Sapienza University Networking framework for underwater Simulation, Emulation and real-life Testing


A Technical Description

The Sapienza University Networking framework for underwater Simulation, Emulation and real-life Testing (SUNSET) is a new solution developed to seamlessly simulate, emulate and test at sea novel communication protocols [1], which is based on the open source and well known network simulator ns-2 (and its extension ns-Miracle [2]). Using the proposed framework, anyone willing to implement its solution for simulation experiments using ns-2 can use the same code in emulation mode, adopting real acoustic modem for data transmission. The framework code has also successfully been ported on small portable devices (Gumstix, PC104 or other ARM-based systems), thus allowing us to embed it inside modem or AUV housings.
When running simulations the framework can use different underwater acoustic channel models, such as the empirical formulas (Urick book [3]) or it can use the Bellhop propagation simulator via the WOSS [4] interface, which can load real environmental parameters and provide more accurate results. In order to allow ns-2 to work correctly in an efficient way with real devices, some of the ns-2 components has been extended and improved.

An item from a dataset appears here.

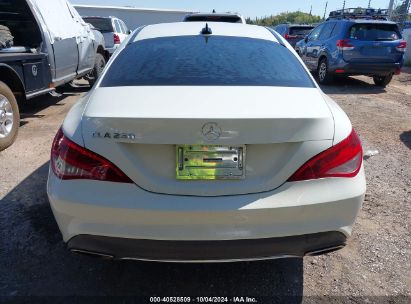 Lot #3056473491 2018 MERCEDES-BENZ CLA 250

  • The use of multiple threads has been introduced, thus allowing the main thread to run the protocol stack while secondary threads listen to communications from external devices.

  • A new real time scheduler has been implemented to more accurately capture the elapsed time, making it possible for secondary threads to interact with the ordered data structure of the scheduler (used by the main thread) while the main thread is waiting for the next event to be scheduled.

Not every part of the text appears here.